Note the use of Array.reduce in a couple of places. This is the spiritual ancestor of crossfilter's group.reduce - it takes a function which has the same signature as the reduce-add function, and an initial value (not a function) and produces a single value. Instead of reacting to changes like the crossfilter one does, it just loops over the array once. It's useful when you want to produce an object from an array, or produce an array of different size from the original.

Also, when indexing an object by a date, I use Date.getTime() to fetch the numeric representation of the date. Otherwise the date coerces to a string representation which may not be exact. Probably for this application it would be okay to skip .getTime() but I'm in the habit of always comparing dates exactly.

Demo fiddle of YOY trade volume in the data set used by the stock example on the main dc.js page.

0
votes

I've rewritten @Gordon 's code below. All the credit is his for the solution (answered above) and I've just wirtten down my own version (far longer and likely only useful for beginners like me) of the code (much more verbose!) and the explanation (also much more verbose) to replicate my thinking in bridging my near-nothing starting point up to @Gordon 's really clever answer.
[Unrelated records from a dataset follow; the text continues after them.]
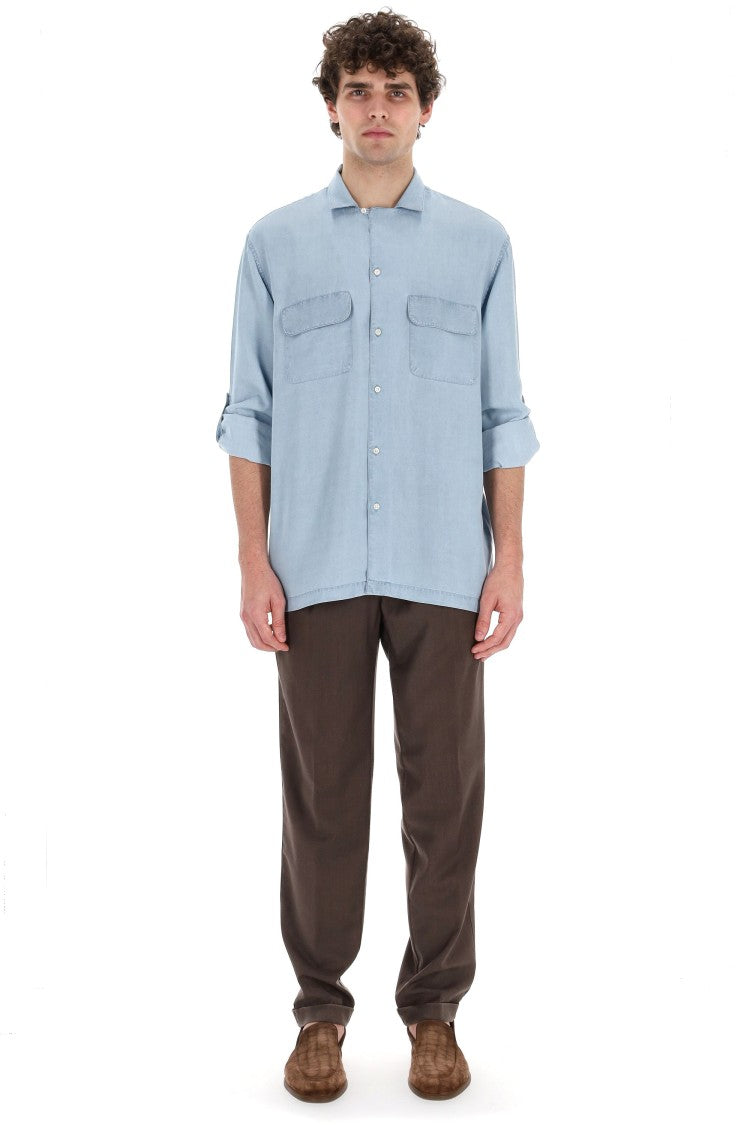 Officine Generale Leto Model Lyocell Bowling Collar Shirt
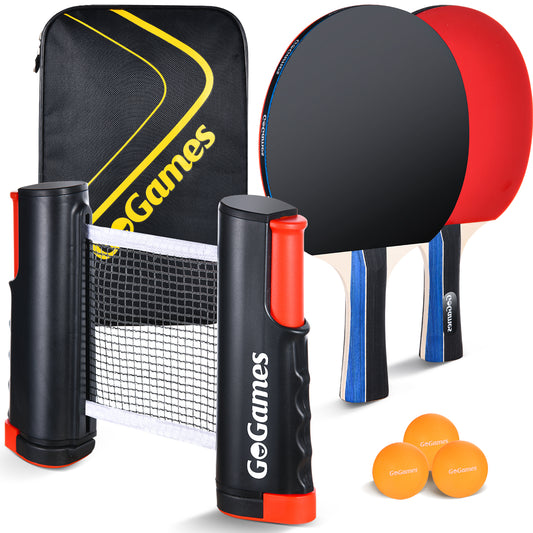 Ping Pong Paddle Set with Retractable Net, 2 Paddles, 3 Ping Pong Balls, Carrying Bag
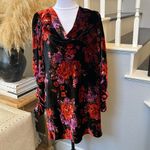 Maeve Anthropologie Cowl-Neck Velvet Dress Mini Floral Black Motif Size Small Photo 3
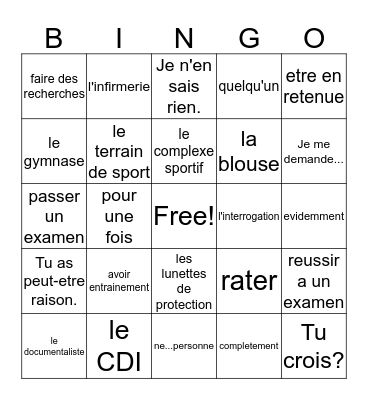Fr. 2, Ch. 4, voc. 1 Bingo Card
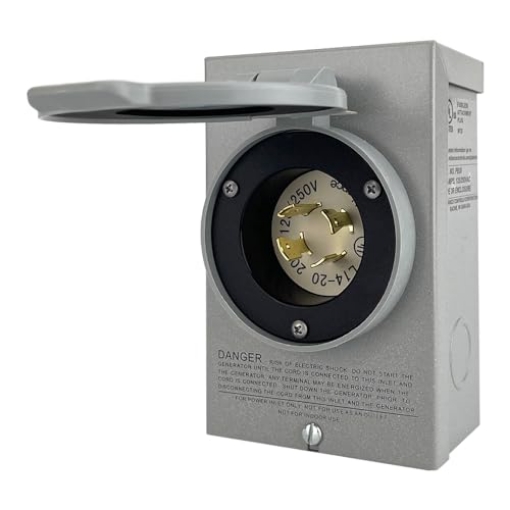 Picture of RELIANCE CONTROLS PB-20 Reliance Controls Corporation PB20 20-Amp NEMA 3R Power Inlet Box for Generators Up to 5,000 Running Watts,Gray (EA)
yoyGroup = function(group) {
  return { all: function() {
    // For every key-value pair in the group, iterate across it, indexing it by it's time-value
    var valuesByDate = group.all().reduce(function(outputArray, thisKeyValuePair) {
      outputArray[thisKeyValuePair.key.getTime()] = thisKeyValuePair.value;
      return outputArray;
    }, []);
    return group.all().reduce(function(newAllArray, thisKeyValuePair) {
        var dateLastYear = d3.timeYear.offset(thisKeyValuePair.key, -1);
        if (valuesByDate[dateLastYear.getTime()]) {
          newAllArray.push({
              key: thisKeyValuePair.key, 
            value: thisKeyValuePair.value / valuesByDate[dateLastYear.getTime()] - 1
          });
        }
        return newAllArray;
      }, []); // closing reduce() and a function(...)
  }}; // closing the return object & a function
};

¿Why are we overwritting the all() function? When DC.js goes to create a graph based on a grouping, the only function from Crossfilter it uses is the all() function. So if we want to do something custom to a grouping to affect a DC graph, we only have to overwrite that one function: all().

¿What does the all() function need to return? A group's all function must return an array of objects and each object must have two properties: key & value.

¿So what exactly are we doing here? We're starting with an existing group which shows some values over time (Important Assumption: keys are date objects) and then creating a wrapper around it so that we can take advantage of the work that crossfilter has already done to aggregate at a certain level (ex. year, month, etc.).

We start by using reduce to manipulate the array of objects into a more simple array where the keys and values that were in the objects are now directly in the array. We do this to make it easier to look up values by keys.

before / output structure of group.all()
[ {key: k1, value: v1},
  {key: k2, value: v2},
  {key: k3, value: v3}
]

after
[ k1: v1,
  k2: v2,
  k3: v3
]

Then we move on to creating the correct all() structure again: an array of objects each of which has a key & value property. We start with the existing group's all() array (once again), but this time we have the advantage of our valuesByDate array which will make it easy to look up other dates.

So we iterate (via reduce) over the original group.all() output and lookup in the array we generated earlier (valuesByDate), if there's an entry from one year ago (valuesByDate[dateLastYear.getTime()]). (We use getTime() so it's simple integers rather than objects we're indexing off of.) If there is an element of the array from one year ago, then we add a key-value object-pair to our soon-to-be-returned array with the current key (date) and for the value we divide the "now" value (thisKeyValuePair.value) by the value 1 year ago: valuesByDate[dateLastYear.getTime()]. Lastly we subtract 1 so that it's (the most traditional definition of) YoY. Ex. This year = 110 and last year = 100 ... YoY = +10% = 110/100 - 1.